電流モード自励発振式D級アンプについてまとめておきます。
こちらを参考にしています。
グリーン・エレクトロニクス No.7 D級パワー・アンプの回路設計
最初の自作!Hypex Ucdパワーアンプ
LT1713/LT1714
ヒステリシスを用いた構成例
Differential amplifier
まず、2つの方式のLTspiceでのシミュレーションをあげておきます。
電流モード自励発振式D級アンプの回路図
電流モード自励発振式の回路をオペアンプ(LT1213)と電流検出アンプ(LT1995), コンパレータ(LT1713), ゲートドライバ(Si8244)で構成しています。LPFのインダクタが積分器(電圧を時間で積分すると電流)となっています。電流検出アンプのゲインとコンパレータのヒステリシスので自励発信周波数が調整可能です。差動アンプによる比例制御と積分回路による積分制御で二重の制御ループになっています。

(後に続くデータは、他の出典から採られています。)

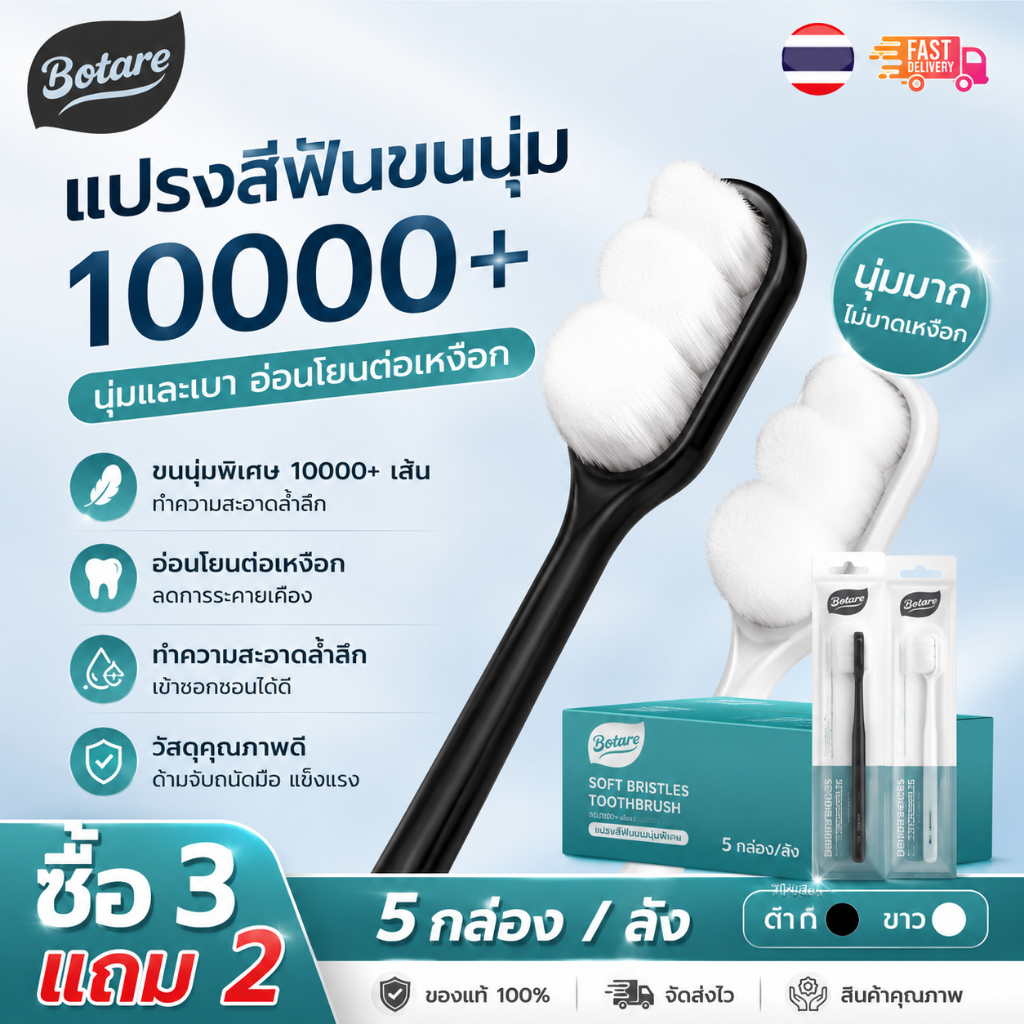 Botare แปรงสีฟันหมื่นเส้นขนอ่อน ขนละเอียดปกป้องเหงือก แปรงฟันสำหรับเหงือกแพ้ 5 กล่อง/ลัง แพ็คประหยัดใช้ครอบครัว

電流モード自励発振式D級アンプの無信号入力時のFFT
積分回路でノイズシェーピングを掛けています。自励発振周波数は1.3MHzです。
電流モード自励発振式D級アンプの1V 10kHz正弦波入力時のFFT
ゲインは23dBとなります。
UCDの回路図
UCDのLTP(差動増幅回路)によるディスクリートの回路図です。LPFのインダクタの出力電圧に位相補償を掛けて、LTPにフィードバックしています。LTPで入力とLPFインダクタ出力の三角波を差動合成して得た矩形波で直接MOSFETを駆動しています。
UCDの無信号入力時のFFT
自励発振周波数は347kHzとなっています。
UCDの1V 10kHz正弦波入力時のFFT
ゲインは19dBとなっています。
D級アンプの場合、入力信号を線形増幅していない(積分回路で時間情報に変換(サンプリング)して、PWMで出力を合成している)ので、オーディオ用途の場合、オペアンプの特性としてはDCゲインと出力オフセットが支配的になります。
また、LPFのインダクタの電流検出を利用すれば、位相遅れ自体は一次系となるため、出力電圧の周波数特性の制御は比較的容易です。
AB級アンプとは必要な要素技術が大きく異なる(増幅回路というよりもアナログ・サンプリングとPWMによる制御付き電源回路)ところに注意が必要です。